An appeal to the Visitor (the Queen, but represented by the Lord Chancellor)
brought a new grievance committee. The reason given was that the University
had refused the first grievance committee access to the files on my
case. The University had in fact failed to keep its promise to "cooperate
fully" with the grievance procedure. Unfortunately for me this new committee,
chaired by Judge Nigel Fricker, took the following position on my claims
relating to Requirements 2 and 4, and rejected my appeal:
2. External referees. The committee made no attempt to address my case
for obliging promotions committees to consult external experts. It allowed
the University to claim a right of silence and to refuse to defend its
position on this issue. Even so, the committee still managed to conclude,
with no supporting argument whatsoever provided, that a failure to obtain
external expert opinion does not infringe any academic right!
4. Giving reasons. The new committee simply said it accepted the Vice-Chancellor's
assertion that he had "tried to explain the reasons". The Vice-Chancellor
was not required to substantiate his claim by actually stating the reasons
he had allegedly tried to give.
Thus: I had presented these two procedural objections, amongst others.
A professor of law described my arguments as unanswerable. Yet two grievance
committees failed to grapple with, let alone resolve, these procedural
arguments. Police and university complaints procedures evidently have
one thing in common: they favour the establishment. Don't rock the boat.
In the process of undergoing the second ordeal by grievance hearing
(and a negative report) another reason why external referees are essential
came to light. Candidates may need protection from internal referees.

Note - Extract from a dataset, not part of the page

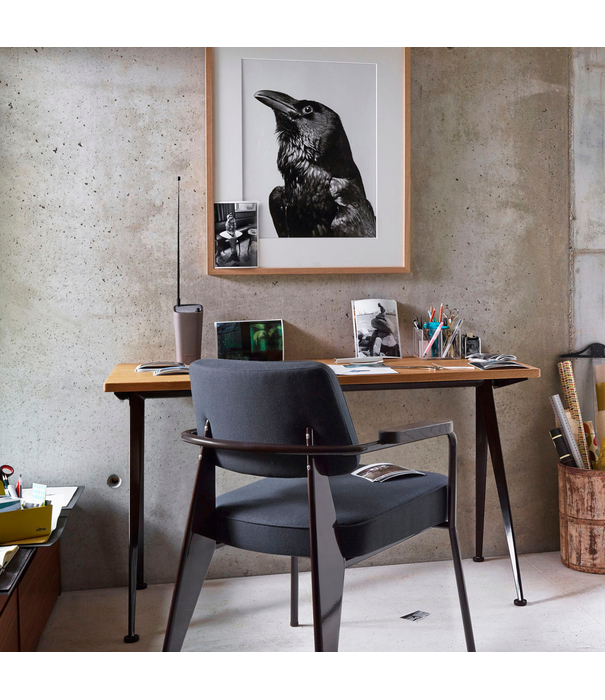 Vitra  Vitra Fauteuil Direction Dining Chair ecru - Twill blue grey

The only report sought by promotions committee in my case came from
my Head of Department (Professor A. Culyer, also then Deputy Vice-Chancellor),
who had advised me to apply. He later described by rejections as "a
gross miscarriage of justice", and stated that he had "categorically
supported going to external referees". But the second grievance committee
said the promotions committee's rejections were not unreasonable in
the light of the Head of Department's report (which I have not been
allowed to see. Confidential, naturally.). Of course, requiring external
reports would not guarantee fair play, but it would seriously increase
the chances.
The university grievance system seems to me to be a charade. What is
needed are independently established grievance committees. The two committees
set up in my case both contained two ‘lay' members. Every one of the
four had previous connections with the university, having served on
one or other of its high level committees. All good men and true, no
doubt. But, as with police force committees standing in judgement on
complaints against the police, university grievance committees lack
credibility when their members are chosen by one of the adversaries.